- [Given entries]
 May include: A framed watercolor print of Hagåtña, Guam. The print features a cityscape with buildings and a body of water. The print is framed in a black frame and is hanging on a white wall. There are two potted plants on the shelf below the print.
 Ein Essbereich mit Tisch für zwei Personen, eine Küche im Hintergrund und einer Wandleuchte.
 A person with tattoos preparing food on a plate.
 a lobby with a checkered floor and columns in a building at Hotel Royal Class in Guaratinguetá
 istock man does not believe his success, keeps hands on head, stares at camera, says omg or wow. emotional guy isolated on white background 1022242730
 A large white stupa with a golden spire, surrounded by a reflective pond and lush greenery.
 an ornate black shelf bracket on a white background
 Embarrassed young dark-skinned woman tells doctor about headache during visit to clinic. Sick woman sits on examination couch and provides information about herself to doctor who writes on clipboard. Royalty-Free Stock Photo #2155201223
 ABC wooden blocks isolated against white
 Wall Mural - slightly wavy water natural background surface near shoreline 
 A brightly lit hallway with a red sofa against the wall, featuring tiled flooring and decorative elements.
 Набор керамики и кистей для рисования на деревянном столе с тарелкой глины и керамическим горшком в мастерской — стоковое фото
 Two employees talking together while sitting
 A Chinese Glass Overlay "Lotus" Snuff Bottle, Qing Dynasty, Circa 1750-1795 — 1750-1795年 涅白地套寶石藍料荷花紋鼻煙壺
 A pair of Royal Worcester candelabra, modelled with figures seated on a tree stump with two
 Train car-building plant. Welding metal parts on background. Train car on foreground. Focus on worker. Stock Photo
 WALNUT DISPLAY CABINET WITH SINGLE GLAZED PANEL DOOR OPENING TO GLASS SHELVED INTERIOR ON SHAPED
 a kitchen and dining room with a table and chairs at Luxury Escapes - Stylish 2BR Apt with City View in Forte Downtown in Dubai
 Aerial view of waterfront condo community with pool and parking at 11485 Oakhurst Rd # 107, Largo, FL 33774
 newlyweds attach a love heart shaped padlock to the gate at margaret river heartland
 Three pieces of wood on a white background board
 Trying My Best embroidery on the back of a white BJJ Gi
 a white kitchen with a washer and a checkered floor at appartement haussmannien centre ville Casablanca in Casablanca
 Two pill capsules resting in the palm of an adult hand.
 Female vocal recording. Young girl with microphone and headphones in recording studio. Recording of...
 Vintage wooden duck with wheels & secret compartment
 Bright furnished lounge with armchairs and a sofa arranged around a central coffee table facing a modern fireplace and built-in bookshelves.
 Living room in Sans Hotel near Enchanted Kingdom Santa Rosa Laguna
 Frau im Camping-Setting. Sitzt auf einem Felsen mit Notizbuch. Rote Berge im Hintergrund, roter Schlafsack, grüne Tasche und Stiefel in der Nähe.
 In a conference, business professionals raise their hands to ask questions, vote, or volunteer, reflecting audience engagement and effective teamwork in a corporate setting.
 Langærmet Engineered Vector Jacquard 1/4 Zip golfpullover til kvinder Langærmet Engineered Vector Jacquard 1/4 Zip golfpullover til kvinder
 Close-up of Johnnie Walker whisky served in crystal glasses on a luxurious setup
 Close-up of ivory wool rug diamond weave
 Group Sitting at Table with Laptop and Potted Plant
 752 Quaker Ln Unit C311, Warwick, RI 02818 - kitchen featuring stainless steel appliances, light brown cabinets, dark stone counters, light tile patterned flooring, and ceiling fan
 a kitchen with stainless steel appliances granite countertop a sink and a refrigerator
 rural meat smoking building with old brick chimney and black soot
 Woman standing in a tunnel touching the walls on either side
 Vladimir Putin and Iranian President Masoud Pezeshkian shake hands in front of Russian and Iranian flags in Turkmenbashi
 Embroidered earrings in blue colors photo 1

- [What the task asks] Provide a verbatim reproduction of all the records.

- [Output for this task]
 May include: A framed watercolor print of Hagåtña, Guam. The print features a cityscape with buildings and a body of water. The print is framed in a black frame and is hanging on a white wall. There are two potted plants on the shelf below the print.
 Ein Essbereich mit Tisch für zwei Personen, eine Küche im Hintergrund und einer Wandleuchte.
 A person with tattoos preparing food on a plate.
 a lobby with a checkered floor and columns in a building at Hotel Royal Class in Guaratinguetá
 istock man does not believe his success, keeps hands on head, stares at camera, says omg or wow. emotional guy isolated on white background 1022242730
 A large white stupa with a golden spire, surrounded by a reflective pond and lush greenery.
 an ornate black shelf bracket on a white background
 Embarrassed young dark-skinned woman tells doctor about headache during visit to clinic. Sick woman sits on examination couch and provides information about herself to doctor who writes on clipboard. Royalty-Free Stock Photo #2155201223
 ABC wooden blocks isolated against white
 Wall Mural - slightly wavy water natural background surface near shoreline 
 A brightly lit hallway with a red sofa against the wall, featuring tiled flooring and decorative elements.
 Набор керамики и кистей для рисования на деревянном столе с тарелкой глины и керамическим горшком в мастерской — стоковое фото
 Two employees talking together while sitting
 A Chinese Glass Overlay "Lotus" Snuff Bottle, Qing Dynasty, Circa 1750-1795 — 1750-1795年 涅白地套寶石藍料荷花紋鼻煙壺
 A pair of Royal Worcester candelabra, modelled with figures seated on a tree stump with two
 Train car-building plant. Welding metal parts on background. Train car on foreground. Focus on worker. Stock Photo
 WALNUT DISPLAY CABINET WITH SINGLE GLAZED PANEL DOOR OPENING TO GLASS SHELVED INTERIOR ON SHAPED
 a kitchen and dining room with a table and chairs at Luxury Escapes - Stylish 2BR Apt with City View in Forte Downtown in Dubai
 Aerial view of waterfront condo community with pool and parking at 11485 Oakhurst Rd # 107, Largo, FL 33774
 newlyweds attach a love heart shaped padlock to the gate at margaret river heartland
 Three pieces of wood on a white background board
 Trying My Best embroidery on the back of a white BJJ Gi
 a white kitchen with a washer and a checkered floor at appartement haussmannien centre ville Casablanca in Casablanca
 Two pill capsules resting in the palm of an adult hand.
 Female vocal recording. Young girl with microphone and headphones in recording studio. Recording of...
 Vintage wooden duck with wheels & secret compartment
 Bright furnished lounge with armchairs and a sofa arranged around a central coffee table facing a modern fireplace and built-in bookshelves.
 Living room in Sans Hotel near Enchanted Kingdom Santa Rosa Laguna
 Frau im Camping-Setting. Sitzt auf einem Felsen mit Notizbuch. Rote Berge im Hintergrund, roter Schlafsack, grüne Tasche und Stiefel in der Nähe.
 In a conference, business professionals raise their hands to ask questions, vote, or volunteer, reflecting audience engagement and effective teamwork in a corporate setting.
 Langærmet Engineered Vector Jacquard 1/4 Zip golfpullover til kvinder Langærmet Engineered Vector Jacquard 1/4 Zip golfpullover til kvinder
 Close-up of Johnnie Walker whisky served in crystal glasses on a luxurious setup
 Close-up of ivory wool rug diamond weave
 Group Sitting at Table with Laptop and Potted Plant
 752 Quaker Ln Unit C311, Warwick, RI 02818 - kitchen featuring stainless steel appliances, light brown cabinets, dark stone counters, light tile patterned flooring, and ceiling fan
 a kitchen with stainless steel appliances granite countertop a sink and a refrigerator
 rural meat smoking building with old brick chimney and black soot
 Woman standing in a tunnel touching the walls on either side
 Vladimir Putin and Iranian President Masoud Pezeshkian shake hands in front of Russian and Iranian flags in Turkmenbashi
 Embroidered earrings in blue colors photo 1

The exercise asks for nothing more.